▸ THE PROBLEM
First find the line with "برنامه‌نما Surah Muhammad" in the entries below, then set down exactly every line through the line with "5 coloriage lapin 1", that line included.

▸ INFORMATION GIVEN
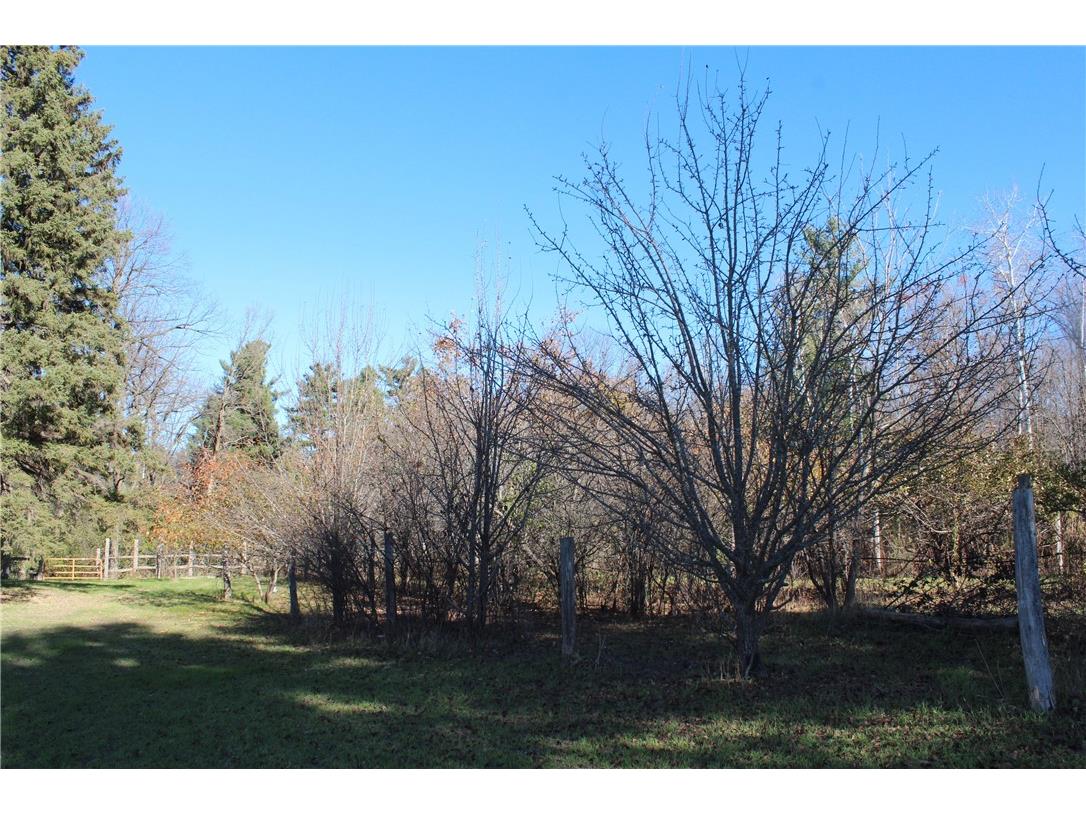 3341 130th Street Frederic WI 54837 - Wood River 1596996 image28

* * *

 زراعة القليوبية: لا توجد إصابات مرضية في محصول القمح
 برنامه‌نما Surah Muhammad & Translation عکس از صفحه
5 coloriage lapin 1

...

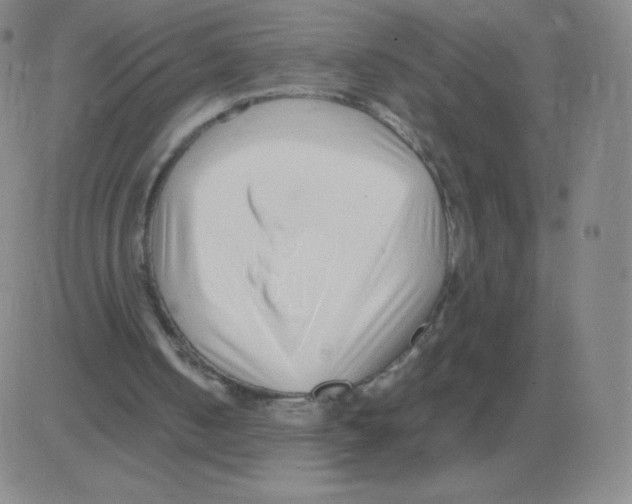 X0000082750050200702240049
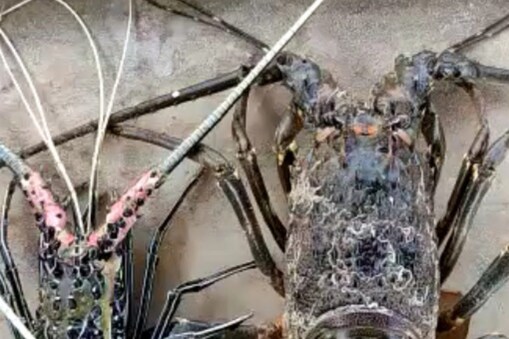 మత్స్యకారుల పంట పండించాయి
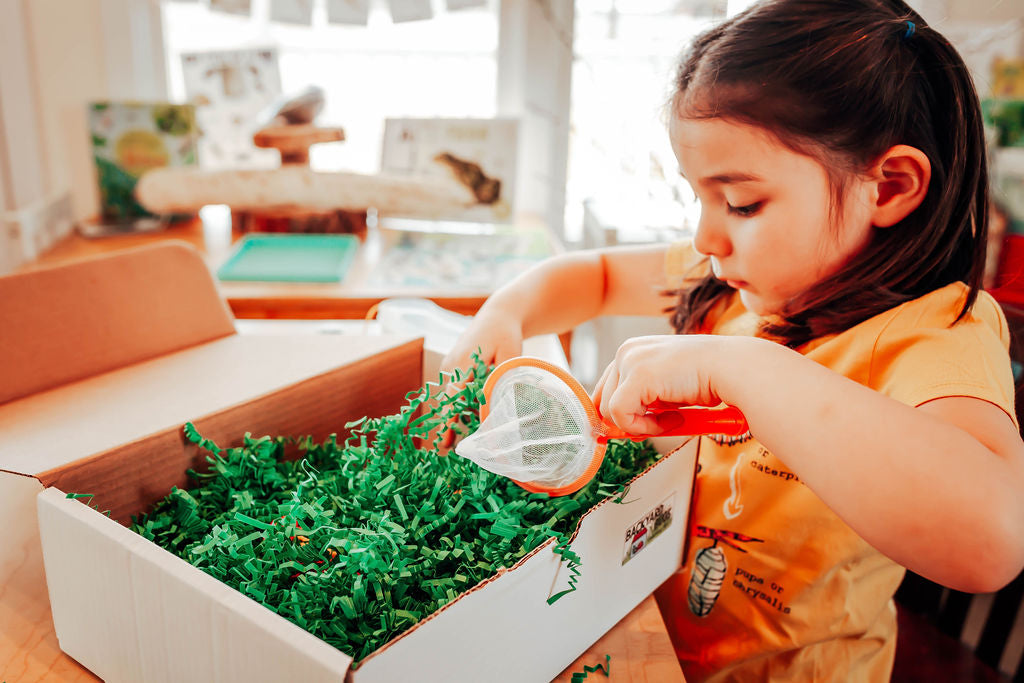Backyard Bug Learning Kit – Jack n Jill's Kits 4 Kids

▸ ANSWER TO THIS PROBLEM
 برنامه‌نما Surah Muhammad & Translation عکس از صفحه
5 coloriage lapin 1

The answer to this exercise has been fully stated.